Don’t all greenhouses use solar sunlight? Yes and no. Many greenhouses use sunlight to grow plants, but add electricity, gas, and other power devices during cold winter months to keep the plants from dying. Growing crops in northern latitudes where winter months freeze, and sunlight is minimum, is traditionally done by installing light fixtures and/or greenhouse heaters. This may sound like a simple solution, but when you get the monthly electrical bill, you’ll find it’s no solution at all.

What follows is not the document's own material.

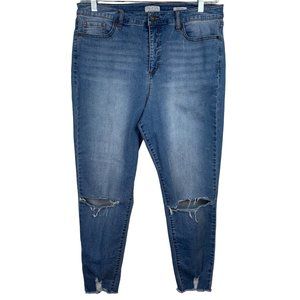 Sofia Vergara Rosa Curvy Ankle Distressed Jeans Size 16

Fortunately, growers have developed greenhouse designs that get around this problem- We call it the Solar Greenhouse (AKA, passive solar greenhouse). A pure solar greenhouse creates energy by optimizing sunlight and positioning (facing) the grow-plant wall toward the south. This way the greenhouse will capture heat during the day, then let it back into the environment at night when it’s cold. Along with the orientation positioning; proper insulation, thermal mass, and clever glazing practices combine to creates a greenhouse that uses little if not any outside power .
- Orientation is positioning the greenhouse plant area wall towards the south to maximize sunlight. Pointing it directly at the sun can overheat the building and harm plants, especially in the summer. It’s best to alter the south-faced wall marginally to the east at roughly 45° due south. This provides plenty of sunlight for plants with morning sun, and avoiding the heat that increases in late afternoon.
- If you can’t point southeast for whatever reason, orienting slightly to the west will suffice, though you may have to shade the plants in midday when the heat rises. *Tip, For optimum sun exposure, build the south-faced wall sloping at 45°. The north facing wall will be sloping at roughly 80° giving the south wall an expansive surface of sunlight.